▶ _INFORMATION PROVIDED_:

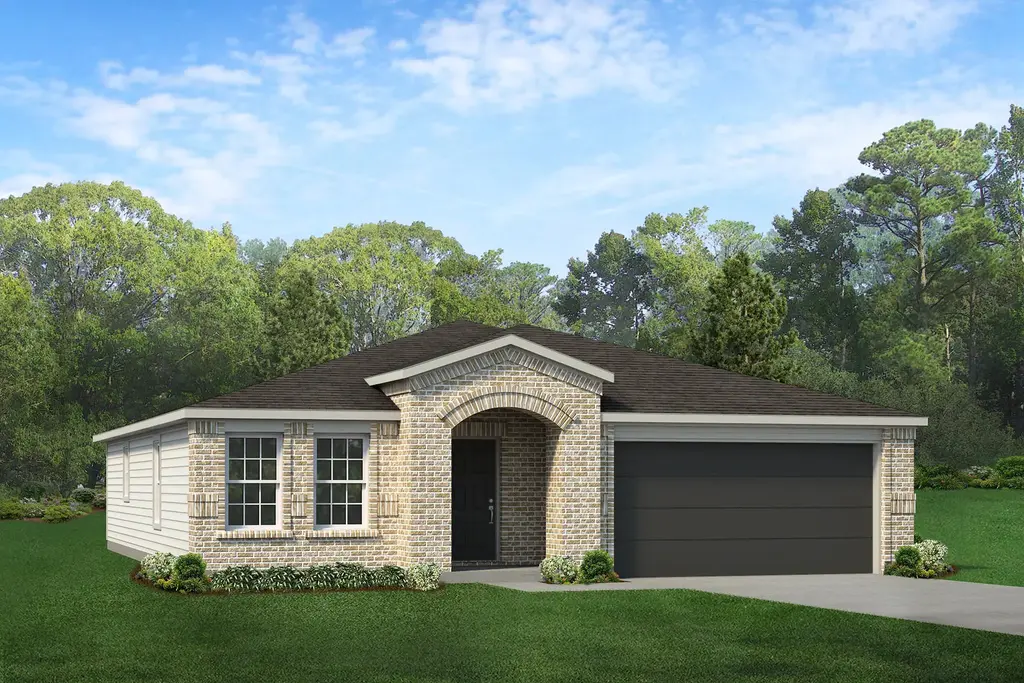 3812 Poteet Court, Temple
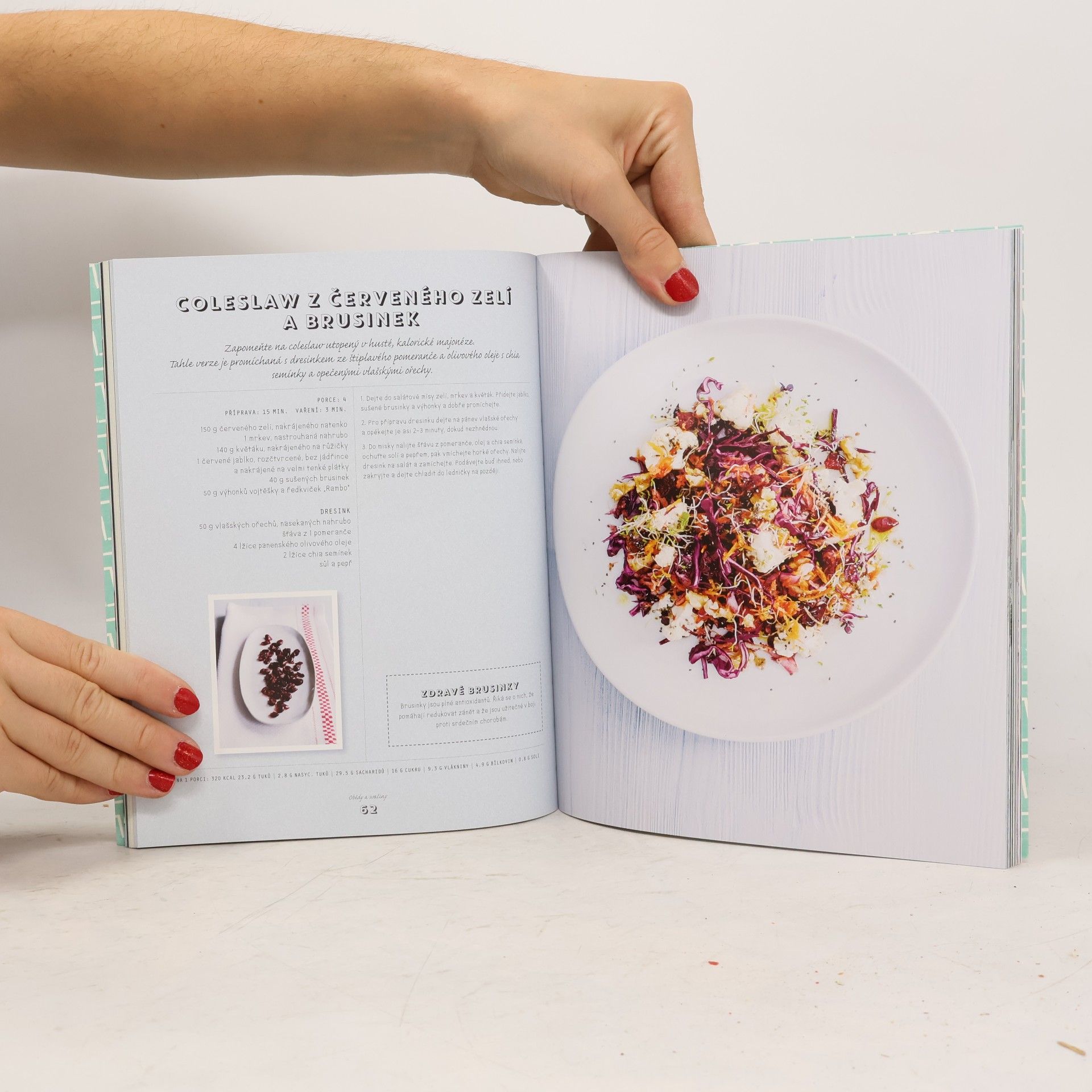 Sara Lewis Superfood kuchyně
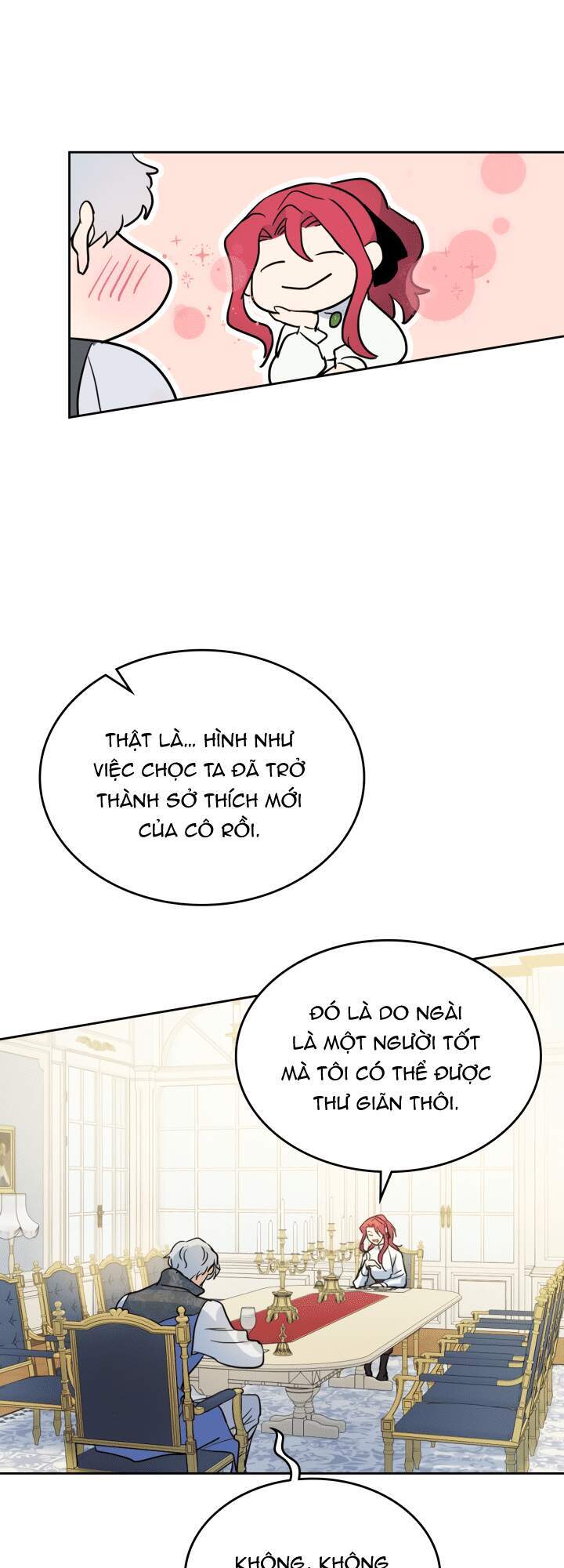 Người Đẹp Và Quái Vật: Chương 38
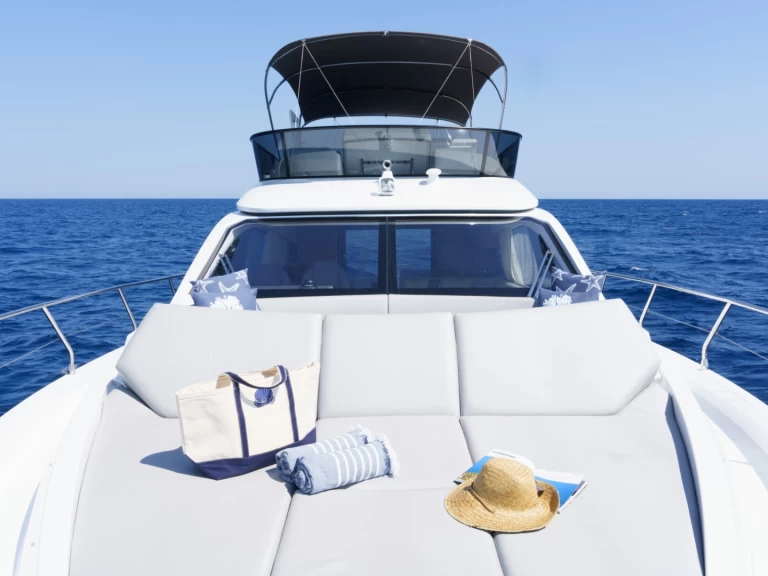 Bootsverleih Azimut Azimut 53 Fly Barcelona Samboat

▶ _TASK INSTRUCTIONS_: Nothing but the lines from the line with "Sara Lewis Superfood kuchyně" through the last line of the listing above should be repeated, and pictures should be left out.

▶ _FINISHED EXERCISE_:
 Sara Lewis Superfood kuchyně
 Người Đẹp Và Quái Vật: Chương 38
 Bootsverleih Azimut Azimut 53 Fly Barcelona Samboat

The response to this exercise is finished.